The problem was that RR Lyrae couldn’t be used to settle the dispute. While they allowed us to determine the distance to globular clusters thousands of light years away, they were relatively dim and difficult to measure. But in the early 1900s Henrietta Leavitt had found a relation between another type of variable star known as Cepheid variables. Leavitt analyzed more than 1,700 Cepheids to find that their maximum brightness could be determined by the period at which their brightness varied. It became known as the period-luminosity relation. The advantage of Cepheids is that they are much brighter, and could therefore be seen in Andromeda and other spiral nebulae. It was a major breakthrough, but it took more prominent astronomers to make the relation widely known.
While Shapley began using Cepheids to better determine the distances of globular clusters, Edwin Hubble measured Cepheids in Andromeda to find that, sure enough, it was a galaxy about 2.5 million light years away. As he measured the distances to other galaxies, he began to notice a pattern. The more distant the galaxy, the greater its observed redshift. This relation became known as Hubble’s law, and it gave us another tool to determine cosmic distances. Since redshift could be measured fairly easily, Hubble’s law had the potential to measure distances across billions of light years. Hubble’s relation was not without its critics. Originally Hubble’s observations only went as far as about 8 million light years. Extrapolating the relation to a billion light years or more seemed a bit presumptuous. We needed another way to determine the distance of the farthest galaxies.

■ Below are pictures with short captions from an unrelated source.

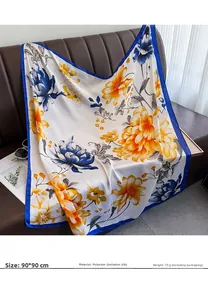 Détail de foulard en satin 90x90cm à motifs fleurs bleu et orange sur fond en cuir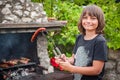 Children grilling meat. Happy teenage boy making barbecue in nature Royalty Free Stock Photo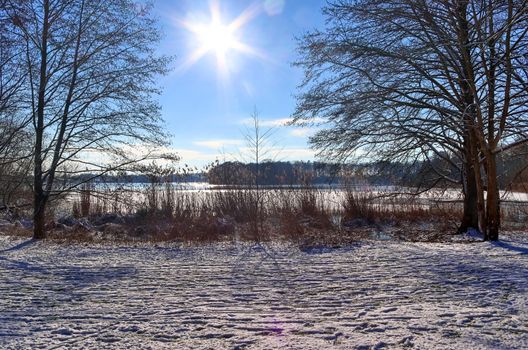 Snow covered frozen lake landscape in northern europe on a sunny day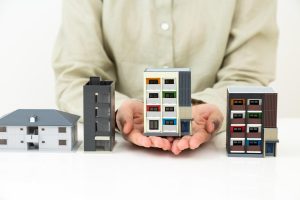 いくつか並んだ住宅模型と、そのうちひとつの模型を持つ手元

By the 1970s astronomers began to look toward supernovae as a possible solution. We had observed lots of supernovae in other galaxies by this time, and it was noticed that a particular kind of supernovae known as type Ia seemed to have a consistent maximum brightness. As such they could potentially be used as a standard candle to determine distances. By comparing a supernova’s observed brightness with its actual brightness, we could begin to measure billion light-year distances directly, rather than relying upon Hubble’s law. We found that Hubble’s relation did hold up pretty well over billions of light years, but for the most distant galaxies it didn’t hold up quite so well. In 1998 Saul Perlmutter, Brian Schmidt and Adam Riess had found that supernova distances weren’t consistent with a steadily expanding universe as Hubble’s law implied, but that the universe as a whole must be expanding at an increasing rate. This gave rise to the discovery of dark energy.

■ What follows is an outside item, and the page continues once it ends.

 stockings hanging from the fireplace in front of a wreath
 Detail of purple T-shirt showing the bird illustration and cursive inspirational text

At the beginning of the 20th century, we were just beginning to map out our galaxy. By the end of the 20th century we had discovered a universe billions of light years across. The methods we now use to determine cosmic distances are known as the cosmic distance ladder. While the overview I’ve given covers the main methods, it’s important to understand that they aren’t the only methods we use. We have several ways to test one method against another, so we have a good understanding of just how accurate these methods are. There are still uncertainties in any distance measurement, and the greater the distance the greater the uncertainty. There are still debates about the strengths and weaknesses of different methods, but not about the overall scale of the cosmos.
In a very real sense we have climbed the ladder from ignorance to knowledge of just how large the universe actually is.